Feeling disoriented, I headed home. Why, I wondered, can't we have real way stations? Ones with helpful attendants, convenient bathrooms and guides willing to satisfy one's curiosity? Wouldn't life be wonderful if, every day, we were met with snacks, hot towels and comfy chairs wherever we went? I'd like that. For now, though, I'll settle for my friendly apartment building, where nobody knows my name, but where people will hold the elevator and even say hello. It's a start.

Thursday, September 4, 2014

While You Were Sleeping

At four in the morning, there is not much to do around my place. Especially when the house is full of people, including a toddler who wakes at the slightest sound. Exhausted, bored, and fearing the appearance of a rambunctious one year old, I hid out in the bathroom.

After styling my hair in a variety of fashions I would never wear publicly, I decided to try on my youngest daughter's discarded make-up.  Sleepless night lesson number one:

 I can never use a black eyebrow pencil.

My eyebrows bec0me exaggerated question marks, as if pondering the fate of the world during a zombie apocalypse. I look like Joan Crawford, the later years. Much, much later.  Or someone creeping through a darkened hallway in a horror movie. Possibly a zombie movie.

Red lipstick is also a mistake. The bold color on pale, tired skin says crazed prostitute with a chainsaw behind her back.

There should be a hotline installed in bathrooms for people who can't sleep. It would connect us to others suffering the same problem. A therapist could be on hand to answer the questions one ponders in the darkness of the night. Overblown, fueled by sleeplessness, they weigh on you like an anchor from the Titanic.

It's not even the serious things that occupy my mind at three am. It's my deceased in-law's slide collection, at least thirty carousels worth, that sits in our back garage. Or the fact that I live in Manitoba and winter is coming.   And I don't know how to use our snow blower, and my husband spends part of his time in Winnipeg. And won't teach me because he thinks I'm going to cut off my foot. It's all completely ridiculous. But that's the working of an illogical, sleep deprived mind.   

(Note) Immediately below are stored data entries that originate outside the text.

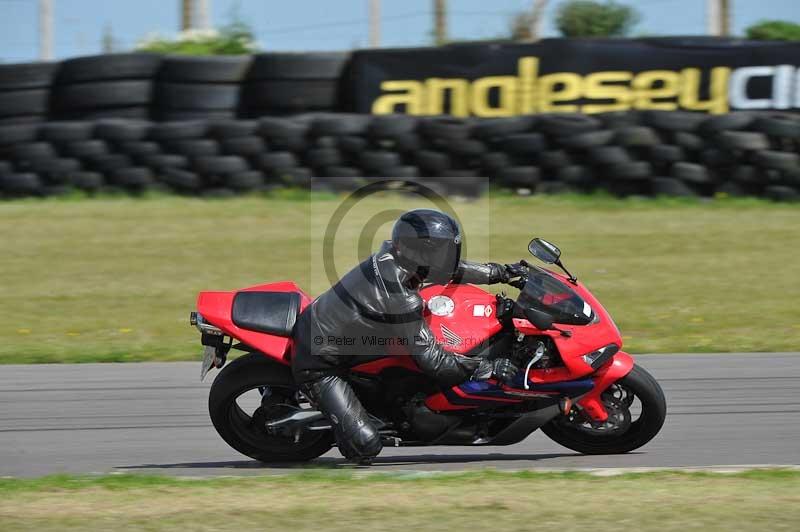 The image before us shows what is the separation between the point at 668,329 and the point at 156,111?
7802mm

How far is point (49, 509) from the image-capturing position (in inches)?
189

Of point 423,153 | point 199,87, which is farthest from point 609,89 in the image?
point 199,87

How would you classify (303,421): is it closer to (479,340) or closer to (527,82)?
(479,340)

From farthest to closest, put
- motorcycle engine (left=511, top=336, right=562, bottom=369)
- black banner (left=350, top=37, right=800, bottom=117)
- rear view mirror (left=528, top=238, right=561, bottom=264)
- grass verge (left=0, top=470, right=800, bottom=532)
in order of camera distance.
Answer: black banner (left=350, top=37, right=800, bottom=117), rear view mirror (left=528, top=238, right=561, bottom=264), motorcycle engine (left=511, top=336, right=562, bottom=369), grass verge (left=0, top=470, right=800, bottom=532)

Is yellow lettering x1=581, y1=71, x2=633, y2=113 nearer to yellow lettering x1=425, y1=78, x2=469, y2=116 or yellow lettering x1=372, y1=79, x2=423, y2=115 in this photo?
yellow lettering x1=425, y1=78, x2=469, y2=116

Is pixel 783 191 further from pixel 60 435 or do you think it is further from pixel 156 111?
pixel 60 435

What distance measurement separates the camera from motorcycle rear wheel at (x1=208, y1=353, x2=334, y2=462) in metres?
5.85

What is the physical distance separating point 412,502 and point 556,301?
1329 millimetres

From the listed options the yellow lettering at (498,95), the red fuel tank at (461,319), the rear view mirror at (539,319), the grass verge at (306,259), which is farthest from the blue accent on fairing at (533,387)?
the yellow lettering at (498,95)

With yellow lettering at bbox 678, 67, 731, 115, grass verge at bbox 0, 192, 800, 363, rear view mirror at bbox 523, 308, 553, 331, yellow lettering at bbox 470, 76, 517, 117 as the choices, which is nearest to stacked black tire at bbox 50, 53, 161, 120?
grass verge at bbox 0, 192, 800, 363

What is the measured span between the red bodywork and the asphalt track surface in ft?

Does a sense of aloneness creates a feeling of desperation? Or is it the fear of tiredness, that next-day-ache that settles into your bones? Whatever it is, while you were sleeping, I came to terms with a few things. Like, it is better to try on make-up in the middle of the night than lie there cursing the darkness. Or my messy garage. Or snow.

I hear the babbling of little voices. Time to creep back to bed.